Data to use:
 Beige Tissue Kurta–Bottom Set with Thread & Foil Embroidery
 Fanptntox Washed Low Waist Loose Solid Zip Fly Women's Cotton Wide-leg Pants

--

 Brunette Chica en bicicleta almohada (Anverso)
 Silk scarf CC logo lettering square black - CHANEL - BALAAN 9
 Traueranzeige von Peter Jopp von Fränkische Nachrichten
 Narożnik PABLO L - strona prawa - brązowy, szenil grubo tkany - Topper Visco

* * *

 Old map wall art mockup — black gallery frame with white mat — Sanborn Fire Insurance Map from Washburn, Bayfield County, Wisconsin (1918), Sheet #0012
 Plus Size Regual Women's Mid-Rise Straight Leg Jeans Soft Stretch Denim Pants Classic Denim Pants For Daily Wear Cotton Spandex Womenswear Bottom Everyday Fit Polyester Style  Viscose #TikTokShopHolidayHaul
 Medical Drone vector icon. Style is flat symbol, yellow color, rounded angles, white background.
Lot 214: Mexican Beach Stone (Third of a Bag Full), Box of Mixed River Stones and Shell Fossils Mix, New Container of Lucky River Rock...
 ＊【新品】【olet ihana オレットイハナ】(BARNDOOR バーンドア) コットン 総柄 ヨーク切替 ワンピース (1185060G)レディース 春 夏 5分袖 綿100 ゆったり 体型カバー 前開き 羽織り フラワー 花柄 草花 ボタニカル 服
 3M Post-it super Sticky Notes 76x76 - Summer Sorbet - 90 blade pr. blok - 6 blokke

Instructions for the task: Only the lines holding the string "Bottom" are needed; copy each of them from the material above.

Output for this task:
 Beige Tissue Kurta–Bottom Set with Thread & Foil Embroidery
 Plus Size Regual Women's Mid-Rise Straight Leg Jeans Soft Stretch Denim Pants Classic Denim Pants For Daily Wear Cotton Spandex Womenswear Bottom Everyday Fit Polyester Style  Viscose #TikTokShopHolidayHaul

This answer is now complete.